Während wir über unsere eigene Stimmung nicht viele Worte verlieren wollen, können wir von einem sehr guten Heimanhang berichten. Für BATE war es auch kein echtes Heimspiel, trotzdem umfasste der komplett in gelb gewandete Heimmob um die 800 Leute, die mit eher simplen Melodien lautstark ihre Elf nach vorne peitschten. Der Block war über 90 Minuten sehr geschlossen aktiv und konnte vereinzelt auch die Minsker Landsleute auf den Tribünen animieren. In Halbzeit zwei wurde sich dann vielfach der gelben Leibchen entledigt und oberkörperfrei stand auf dem Programm. Euphorisiert von ihrer Führung drehte der Mob streckenweise total frei. Hätten wir – vor allem in dieser Anzahl – nicht erwartet.

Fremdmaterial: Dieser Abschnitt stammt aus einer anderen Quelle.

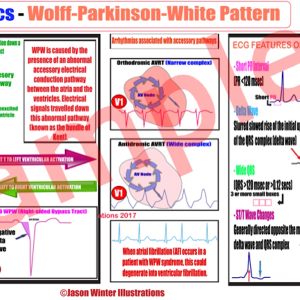 ecg pdf books free download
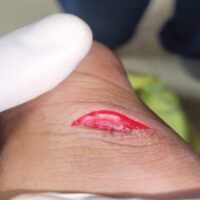 Figure 1: Pre-operative posterior ankle laceration showing exposed Achilles tendon ends.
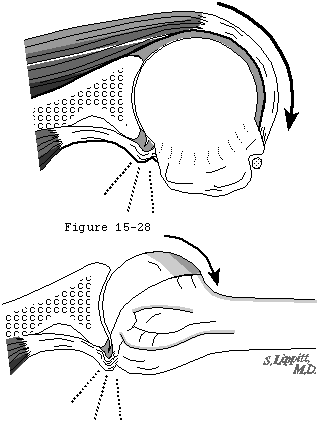 Figure 24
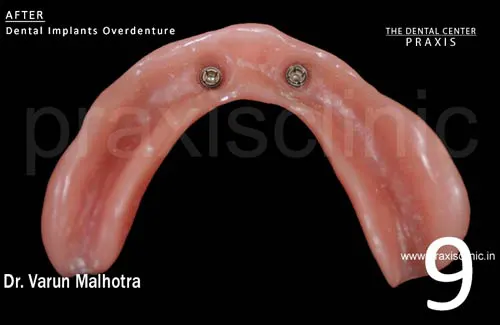 Image of denture of the patient showing specialised attachmnents fitted in their existing
                              denture , which will anchor to the the two dental implants . Dental Implant Surgery by Dr. Varun Malhotra ( Dental Implant Specialist ) at PRAXIS, The Dental Center, Mumbai, India.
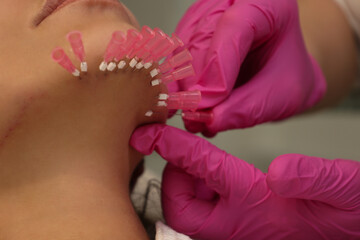 Close up face of thread lifting procedure. Professional cosmetologist in pink medical gloves inserting needles in chin scin. Anti-aging treatment and face lift in cosmetology clinic. Pretty woman fac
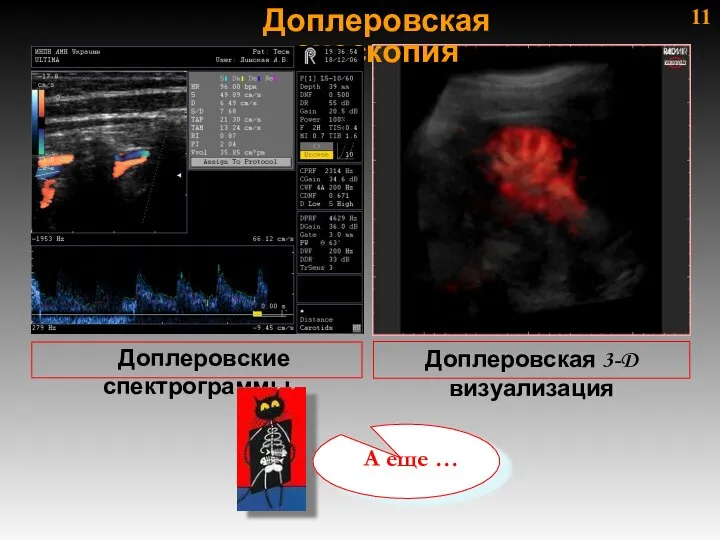 11 Доплеровские спектрограммы Доплеровская эхоскопия Доплеровская 3-D визуализация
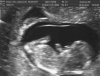 Baby Leetz 12 weken 033.jpg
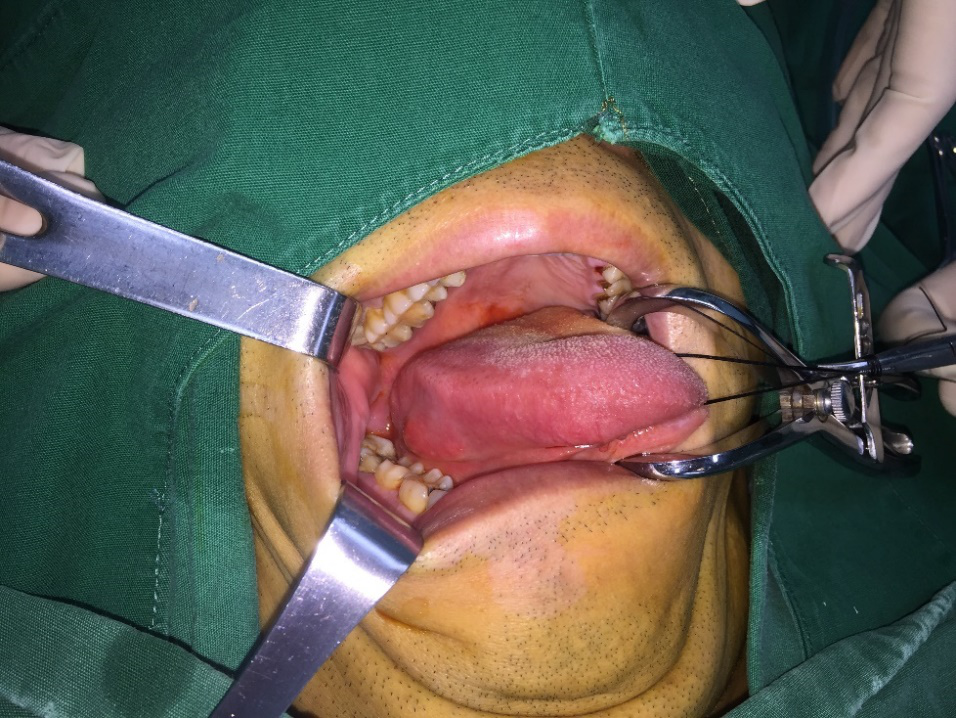 舌头肿瘤?舌头莫名长肿物疑肿瘤 检查才知竟是鱼刺插入舌头?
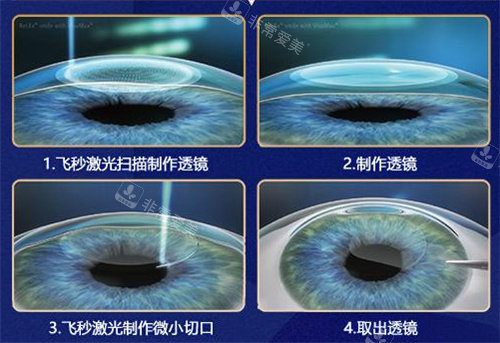 全飞秒手术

Auffällige Zaunfahnen auf Heimseite waren eine Freundschaftsfahne für Piast Gliwice, eine BATE Ultras Fahne, eine große kyrillische Fahne mit Vereinsnamen, sowie ein BATEFANS Fahne im Lonsdale-Stil. Zusätzlich hing eine serbische Nationalflagge.
Nach dem Spiel durften wir nach nur 20 Minuten Blocksperre zurück zu den Bussen, wo die Bullen klar machten, dass sie uns schnellstmöglich loshaben wollten. Die Rückfahrt verlief unspektakulär. Bei der Ausreise zahlten wir mit 50 Euro unser erstes und einziges Schmiergeld. Nach ca. 23 Stunden hatten wir wieder Münchner Boden unter den Füßen.
Das Abenteuer Belarus war am Ende weniger abenteuerlich gewesen, als wir es uns anfangs ausgemalt hatten. Es waren aber unsere ersten Meter auf dem langen Weg nach London. Seit 11 Jahren träumen wir nun schon wieder vom Europapokal. Mal schauen, wie lange wir diesmal warten müssen, bis der große Traum wahr wird.